- Born: Cleveland, Ohio
- Education: Boston University School of Public Communication
- Occupations: Radio and television broadcaster
- Father: Clarence Holsey Holmes

= Karen Holmes Ward =

American broadcaster and director

Karen Holmes Ward is a broadcaster and director in Boston. Holmes Ward is the Director of Public Affairs and Community Services at WCVB-TV and the host of CityLine, a magazine program chronicling the lives of people of color in Boston.

== Early life and education ==
Ward grew up in Cleveland, Ohio. In high school, Ward was involved in the media club and was the first female play by play announcer for the school's basketball team. Ward studied broadcast journalism at Boston University's School of Public Communication and graduated in 1977.

== Career ==
Ward is also a member of the Divas Uncorked group of African American women who want to make wine more approachable to people of color.

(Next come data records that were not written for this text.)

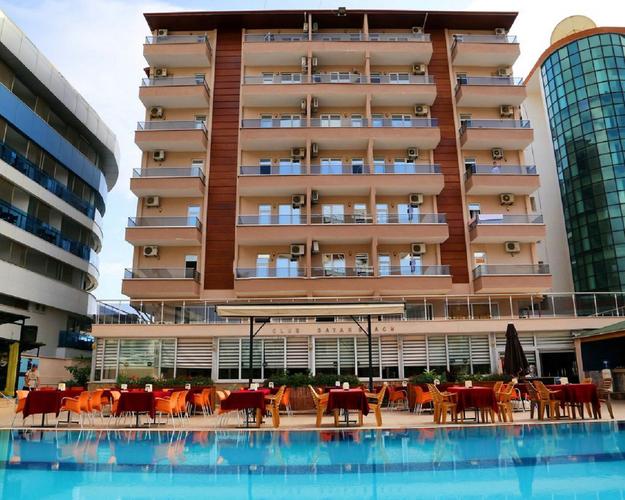 Club Bayar Beach Hotel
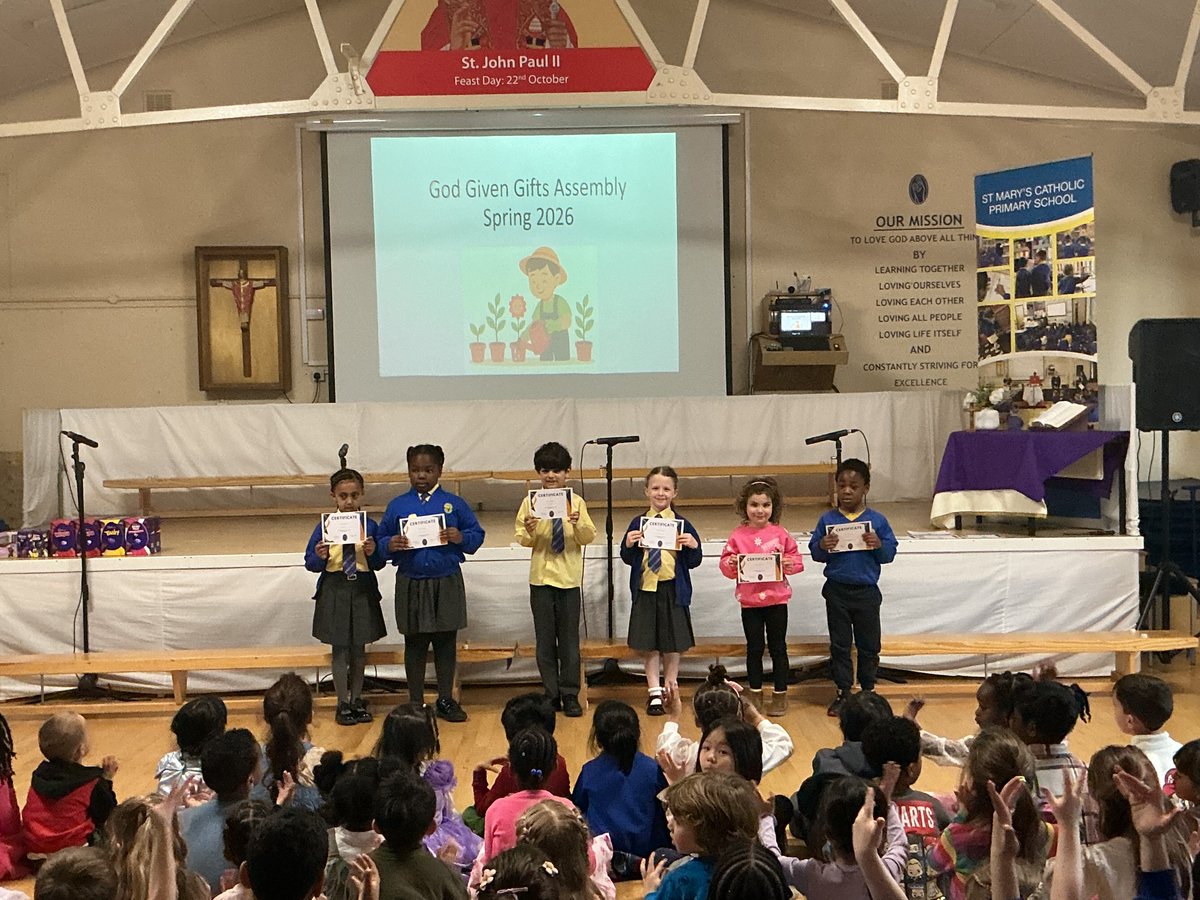 StMaryB17's tweet image. Here are some more photos from our EYFS &amp;amp; KS1 God-Given gifts assembly.💛#GodGivenGifts #EYFS #KS1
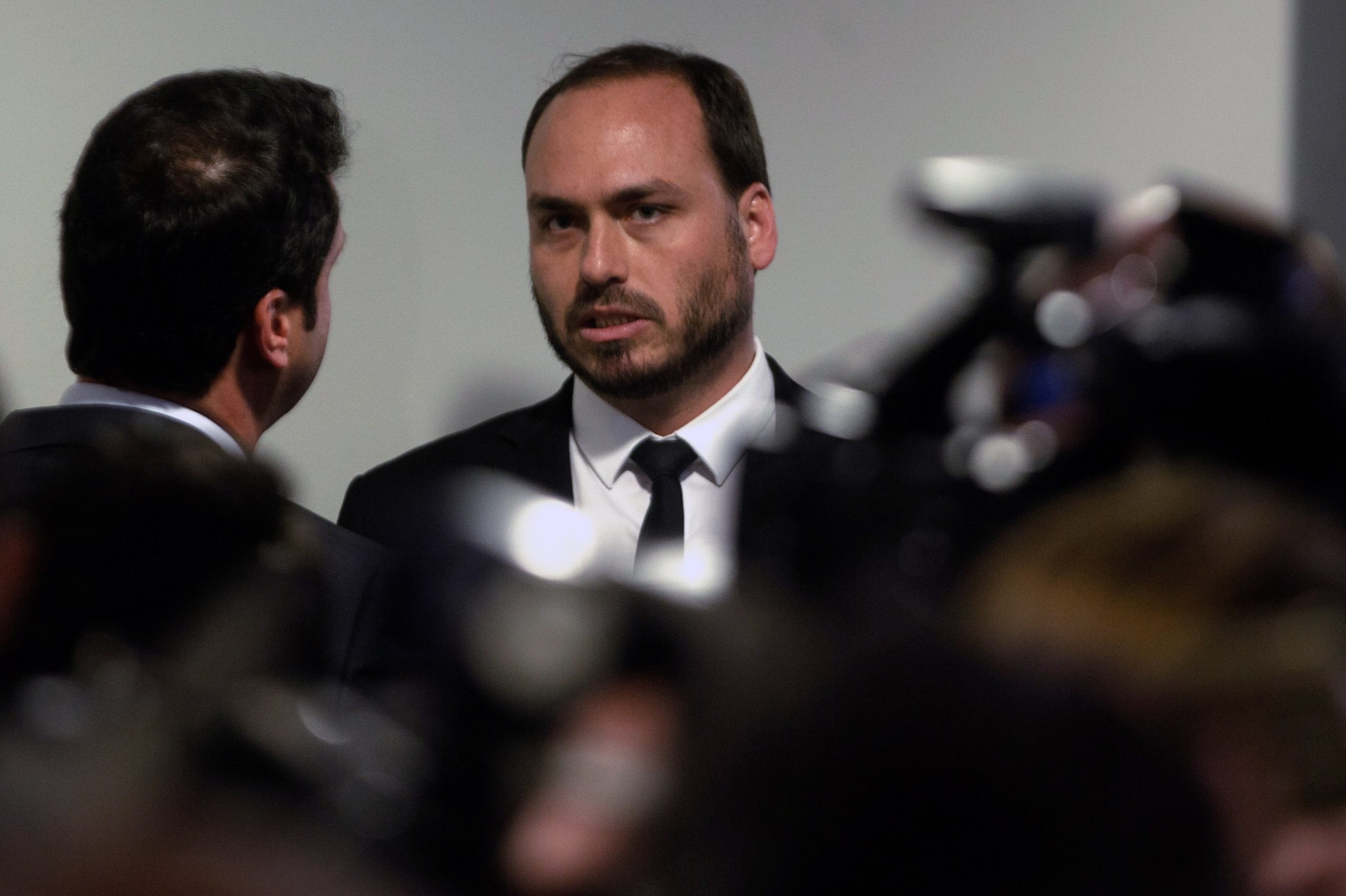 Brasil: Polícia identifica filho de Bolsonaro como líder de esquema de ‘fake news’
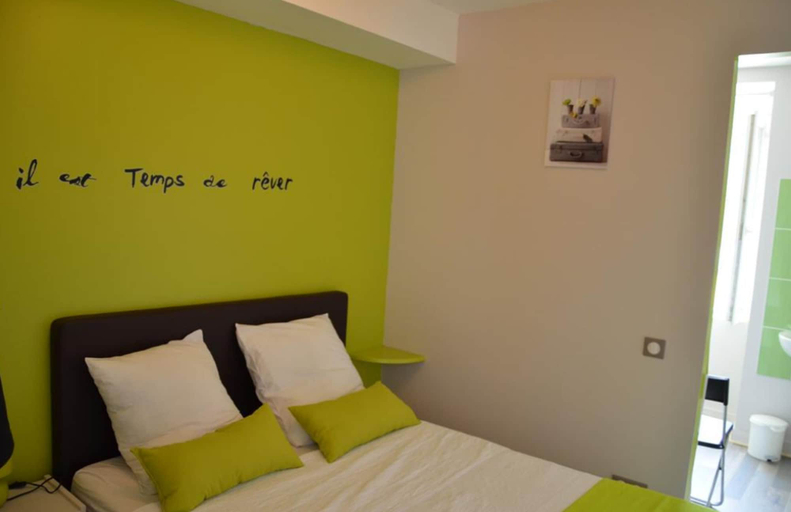 Bedroom 3, Hotel Restaurant Rive Gauche, Morbihan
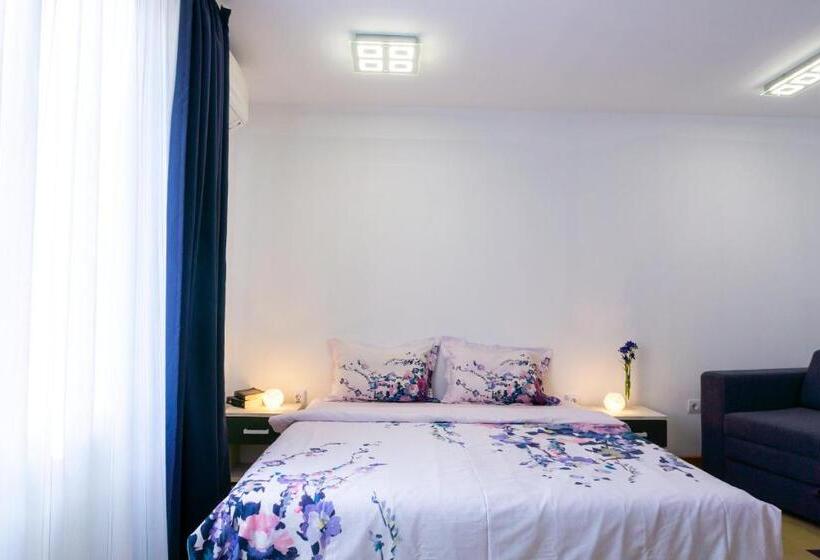 Sofia Central Hotel Apartments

Ward's community service efforts after the Boston Marathon attack were recognized with the National Association of Broadcasters’ Service to Community in Television award. Ward received the Lifetime Achievement Award from the National Academy of Television Arts & Sciences.

== Awards ==
In 2023, she was recognized as one of "Boston’s most admired, beloved, and successful Black Women leaders" by the Black Women Lead project.